Тем не менее тот факт, что откровение есть откровение спасения, не означает, будто оно возвещает человеку его будущее искупление. Откровение вызывает Спасение. Откровение Бога человеку, которое есть любовь Бога к человеку, вызывает ответ человека. Ответ человека на любовь Бога — это любовь к ближнему. Таким образом, Откровение Бога начинает дело Спасения, которое вместе с тем есть дело самого человека. Это иудейский момент в мышлении Розенцвейга: Спасение есть дело человека.
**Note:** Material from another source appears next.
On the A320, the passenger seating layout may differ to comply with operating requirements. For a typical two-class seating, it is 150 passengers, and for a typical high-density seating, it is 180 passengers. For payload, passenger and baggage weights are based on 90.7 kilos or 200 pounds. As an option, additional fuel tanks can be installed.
Человек — необходимый посредник Спасения Мира. Но для этого необходимо также, чтобы эта любовь просветлилась коллективным существованием.
Мы не имеем возможности проследить здесь тот ход анализа, который привел Розенцвейга к выводу о существовании религиозной коллективности как необходимого требования дела Спасения. В этом анализе совершается переход его прежней, философской, позиции к позиции религиозной, а также вхождение великих религий откровения в сферу его размышления. Выделим здесь такую тему: ткань реальности есть религиозная история. Она определяет историю политическую. Такова антигегелевская позиция Розенцвейга.
Как бы то ни было, взаимосвязь элементов «Бог», «Мир» и «Человек» — это не только прошлое и настоящее, но и грядущее: дефор-мализованное грядущее, будущее вечности. Философов, возможно, заинтересует эта деформализация понятий прошлого, настоящего и будущего, неотделимых от онтологических событий, чьим предельным значением они в конечном счете являются. В них можно видеть, как я только что сказал, начинание, подобное знаменитой хайдег-геровской теории «временных экстазов».
Что интересует самого Розенцвейга, так это открытие бытия как жизни, бытия как жизни отношения. Открытие мышления, которое есть сама жизнь этого бытия. Личность больше не входит в мыслимую ею систему, как это было у Гегеля, чтобы застыть там и отречься от своей единичности. Единичность необходима для осуществления этого мышления и этой жизни именно как незаменимая единичность — единственная, которая способна к любви, которая может быть любимой и умеет любить, которая способна образовать религиозную общину.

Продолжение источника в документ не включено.